The horses and I got an early start and said our farewells to my mom at 8:30am. It's so nice having my mom’s help loading Takoda with the panniers since they are uncomfortably heavy to lift at the start of a section before the horses eat a night’s worth of feed.
We had an ambitious 32 miles planned and the first 20 or so were not easy. The trail didn’t look like it had seen much travel, let alone by stock, in many years. The trail was very overgrown and littered with downfalls. Numerous times the trail would just seem to fade away and I’d have to look our for rock cairns or colored trail marking tape on tree branches to determine which way to go. A few times I had to dismount and spend time cutting downfalls to clear a path for Shyla and Takoda. So needless to say, after we got through the first challenging 20 miles I was relieved to join up with a much more popular trail in the late afternoon. I knew we were on well-traveled trails now as there was plentiful manure and hoofprints all over. Not to mention, no more down trees! There were also a lot more hikers. We hadn’t seen a soul all day and now there were backpackers all over.

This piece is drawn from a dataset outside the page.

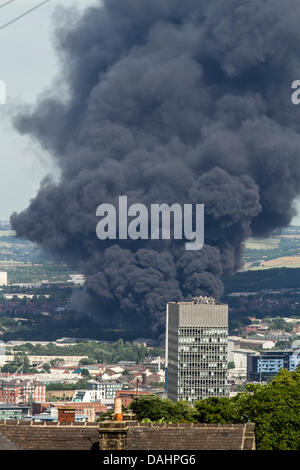 Sheffield, Royaume-Uni. 14 juillet, 2013. Un nuage de fumée épaisse est vu augmenter au Sheffield le Dimanche 14/07/2013. Yorkshire du Sud Services d'incendie et de Secours a signalé que l'incendie a pris naissance à partir d'une installation de déchets sur la rue Foley dans la zone de la ville Attercliffe et ont informé les résidents locaux pour maintenir les portes et fenêtres fermées. Crédit : Tom Stayte/Alamy Live News Banque D'Images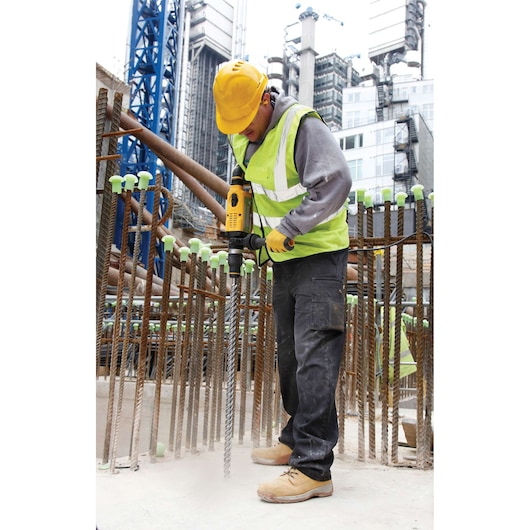 A construction worker wearing a yellow hard hat, a high-visibility vest, gloves, and work boots uses a DEWALT power tool to drill into concrete at a building site surrounded by steel rebar.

The Wind Rivers Range requires a backcountry permit for camping but the ranger district was very understanding and allowed me to camp without having to have a committed place so long as I did intrude on other people and choose campsites that were away from other people, especially stock. Due to the obstacles earlier in the day we stopped for the night about 2 miles earlier than planned. This was my first night ever camping in grizzly country and I’d be lying if I said I wasn’t nervous about it. I was more cautious in camp after dark and set up my camp as close to the horses’ highline as possible, as well as sleeping with bear spray in my tent.